━━ GIVEN MATERIAL
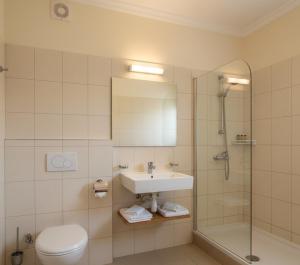 een badkamer met toilet, wastafel en douche bij Summerlife Apart Hotel in Antalya +6 foto's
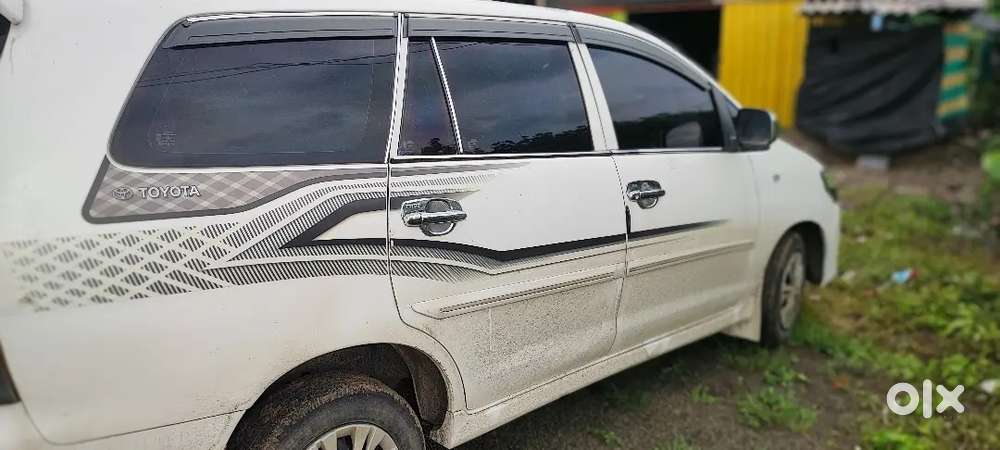 Toyota Innova 2013 Diesel 173000 Km Driven
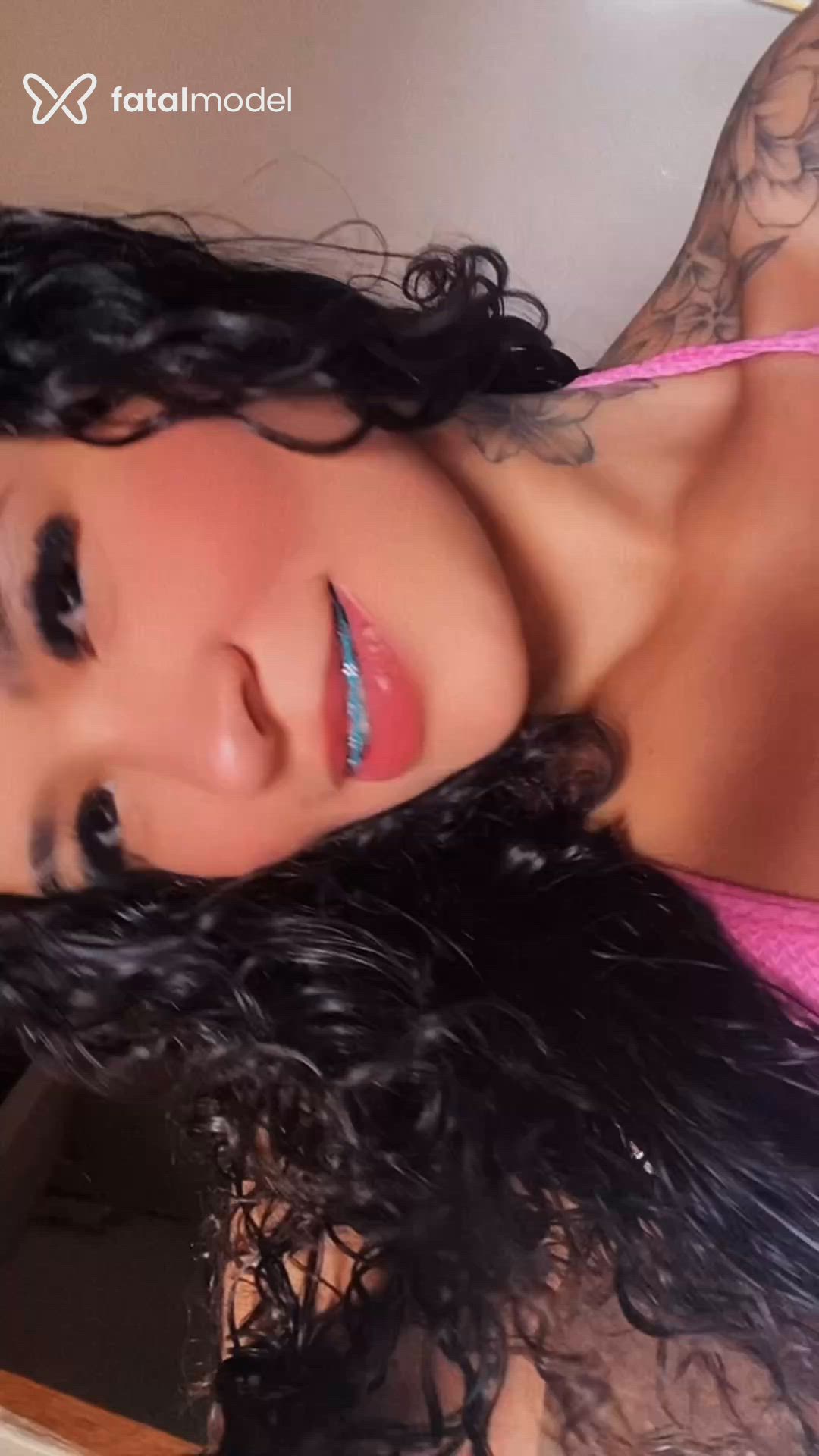 Acompanhante mulher morena (o) de olhos pretos - Barbara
━━━━
**EXERCISE DESCRIPTION**. Only those lines from the one containing "Toyota Innova 2013 Diesel 173000 Km Driven" to the end of the material above, retyped exactly and without pictures, belong in your reply.

**THE ANSWER**.
 Toyota Innova 2013 Diesel 173000 Km Driven
 Acompanhante mulher morena (o) de olhos pretos - Barbara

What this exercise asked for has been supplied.